As described in Note 2, because the guaranteed insurance contracts are fully benefit-responsive, contract value is the relevant measurement attributable for that portion of the net assets available for the benefits attributable to the guaranteed insurance contract. Contract value, as reported to the Plan by Prudential, represents contributions made under the contract, plus earnings, less participant withdrawals and administrative expenses. Participants may ordinarily direct the withdrawal or transfer of all or a portion of the investment at contract value.
There are no reserves against contract value for credit risk of a contract issuer or otherwise. The fair value of the insurance contract at December 31, 2009 and 2008 was $42,863,727 and $37,924,816, respectively. The crediting interest rate is based on a formula agreed upon with the issuer, but it may not be less than zero percent. Such interest rates are reviewed on an annual basis for resetting.
Certain events limit the ability of the Plan to transact at contract value with the issuer. Such events include, but are not limited to layoffs, Plan termination, business closings, re-organizations, liquidations and the failure of the Plan to qualify under Section 401(a) or Section 401(k) of the IRC. The Plan administrator does not believe that any events which would limit the Plan’s ability to transact at contract value with participants are probable of occurring.
The guaranteed insurance contract does not permit Prudential to terminate the agreement prior to the scheduled maturity date.
Average Yields
|
|
Twelve Months
Ended
December 31, 2009
|
|
|
Six Months Ended
December 31, 2008
|
|
Based on actual earnings
|
|
|
4.69 |
% |
|
|
5.59 |
% |
Based on interest rate credited to participants
|
|
|
4.80 |
% |
|
|
5.48 |
% |
5.
|
Fair Value Measurements
|
Authoritative guidance establishes a framework for measuring fair value. That framework provides a fair value hierarchy that prioritizes the inputs to valuation techniques used to measure fair value. The guidance defines fair value as the exchange price that would be received for an asset or paid to transfer a liability (an exit price) in the principal or most advantageous market for the asset or liability in an orderly transaction between market participants. The guidance also specifies a fair value hierarchy based upon the observability of inputs used in valuation techniques. Observable inputs (highest level) reflect market data obtained from independent sources, while unobservable inputs (lowest level) reflect internally developed market assumptions. In accordance with authoritative guidance, fair value measurements are classified under the following hierarchy:
Level 1 – Quoted prices for identical instruments in active markets.
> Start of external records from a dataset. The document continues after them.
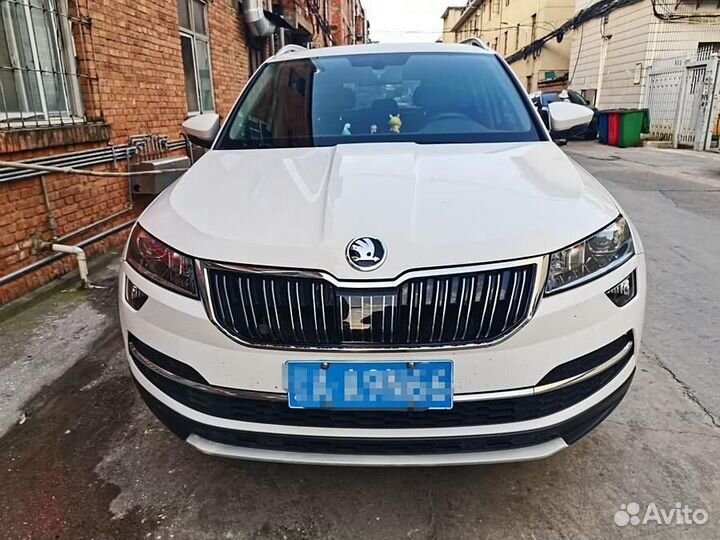 Skoda Karoq 1.4 AT, 2021, 40 000 км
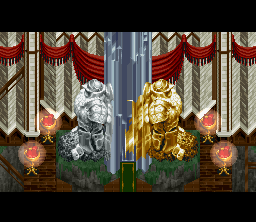 Mystic Ark - SNES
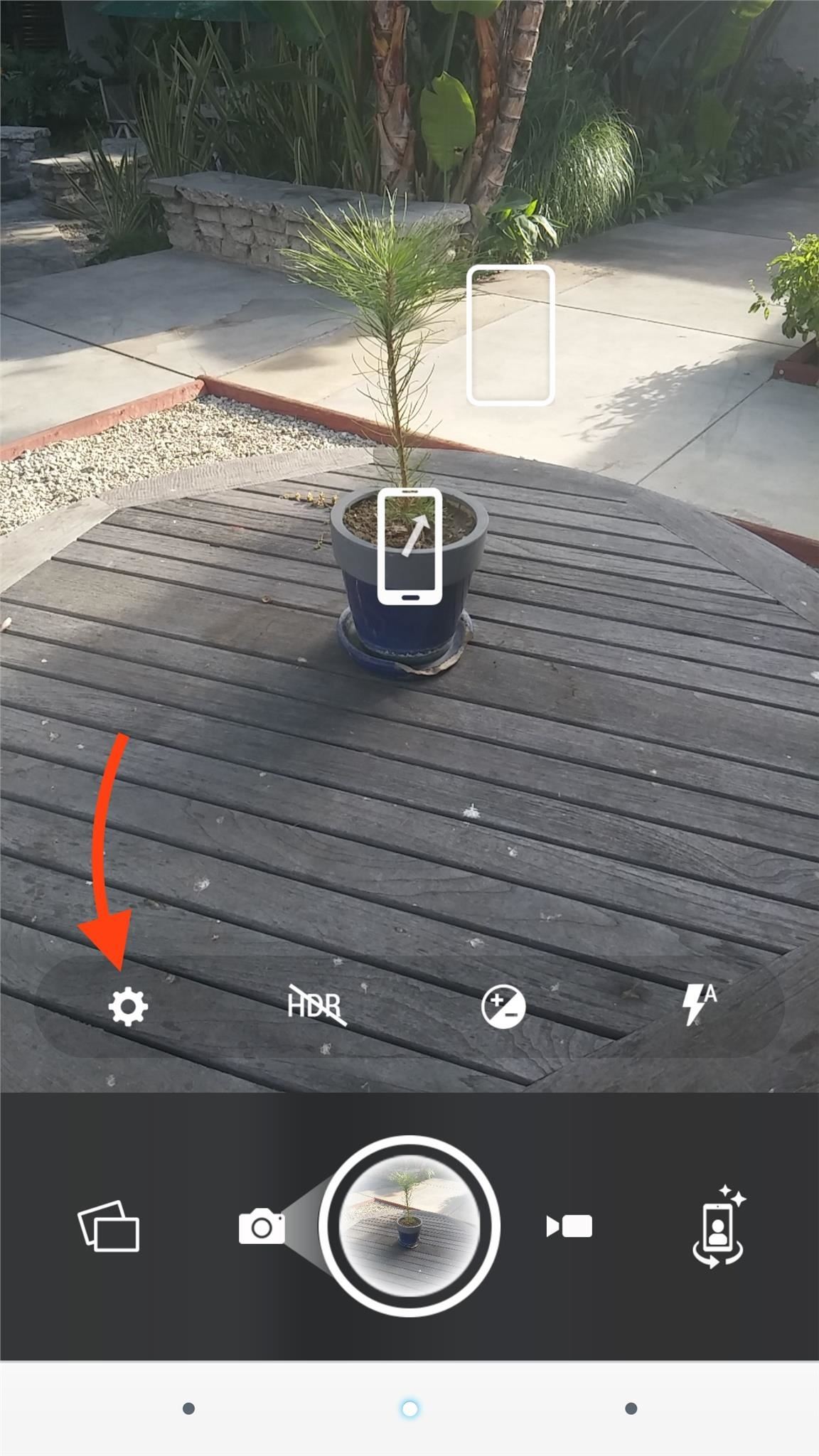 Take Perfectly-Framed Photos Every Time on Android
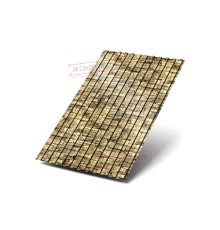 Профилированный лист МП10х1100 ECOSTEEL-Песчаник-0.5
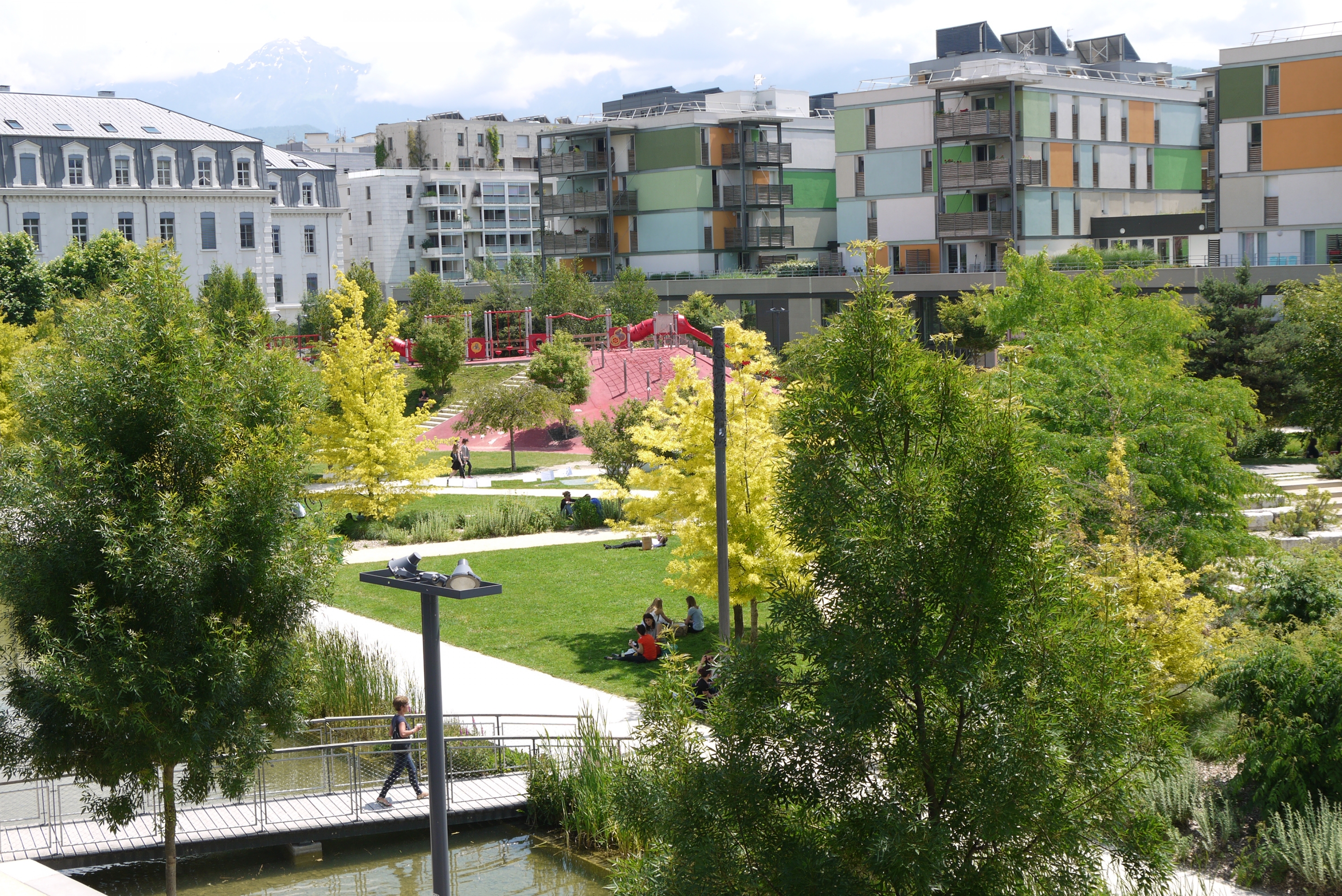 Formation Faire de la nature en ville un atout essentiel pour les villes et leurs habitants : les clés pour comprendre et agir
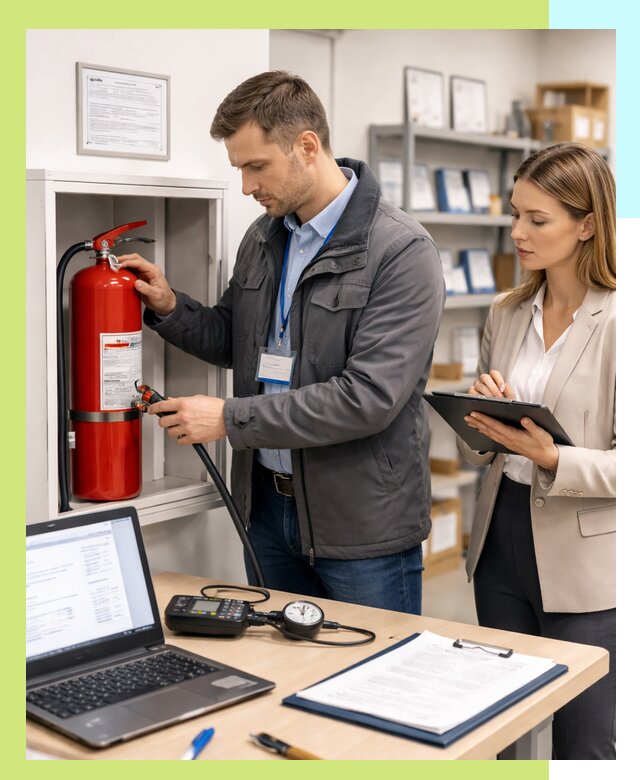 Сертификация пожарного оборудования и средств пожаротушения в Каменске-Уральском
Level 2– Quoted prices for similar instruments in active markets; quoted prices for identical or similar instruments in markets that are not active; and model-derived valuations in which all significant inputs or significant value-drivers are observable in active markets.
Level 3 – Model-derived valuations in which one or more significant inputs or significant value-drivers are unobservable.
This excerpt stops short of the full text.